▸ Assignment
The lines of the records that include "Puppy" should all be copied.

▸ Information

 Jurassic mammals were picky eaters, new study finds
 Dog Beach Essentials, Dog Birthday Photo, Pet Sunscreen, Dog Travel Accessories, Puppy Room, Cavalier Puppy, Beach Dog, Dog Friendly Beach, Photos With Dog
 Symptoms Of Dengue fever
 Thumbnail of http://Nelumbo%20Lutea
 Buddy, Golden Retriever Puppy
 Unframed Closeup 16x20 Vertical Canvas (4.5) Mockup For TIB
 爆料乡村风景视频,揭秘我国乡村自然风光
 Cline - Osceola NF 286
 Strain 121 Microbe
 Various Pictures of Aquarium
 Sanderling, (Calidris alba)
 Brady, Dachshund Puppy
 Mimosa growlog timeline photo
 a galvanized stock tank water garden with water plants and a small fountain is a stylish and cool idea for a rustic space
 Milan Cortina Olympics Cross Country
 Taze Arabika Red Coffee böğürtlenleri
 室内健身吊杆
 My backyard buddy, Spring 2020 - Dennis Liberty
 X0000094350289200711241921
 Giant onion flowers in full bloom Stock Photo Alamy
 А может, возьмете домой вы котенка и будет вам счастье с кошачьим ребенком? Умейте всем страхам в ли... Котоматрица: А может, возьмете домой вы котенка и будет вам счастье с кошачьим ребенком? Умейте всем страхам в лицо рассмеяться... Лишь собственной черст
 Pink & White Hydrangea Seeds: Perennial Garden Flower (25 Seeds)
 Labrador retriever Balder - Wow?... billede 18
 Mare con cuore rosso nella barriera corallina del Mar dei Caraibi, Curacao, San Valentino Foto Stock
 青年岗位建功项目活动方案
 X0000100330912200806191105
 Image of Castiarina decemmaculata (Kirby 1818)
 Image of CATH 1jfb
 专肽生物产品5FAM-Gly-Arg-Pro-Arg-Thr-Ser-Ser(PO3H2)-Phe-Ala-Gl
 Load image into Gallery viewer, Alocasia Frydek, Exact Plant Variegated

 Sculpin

▸ Answer to the exercise
 Dog Beach Essentials, Dog Birthday Photo, Pet Sunscreen, Dog Travel Accessories, Puppy Room, Cavalier Puppy, Beach Dog, Dog Friendly Beach, Photos With Dog
 Buddy, Golden Retriever Puppy
 Brady, Dachshund Puppy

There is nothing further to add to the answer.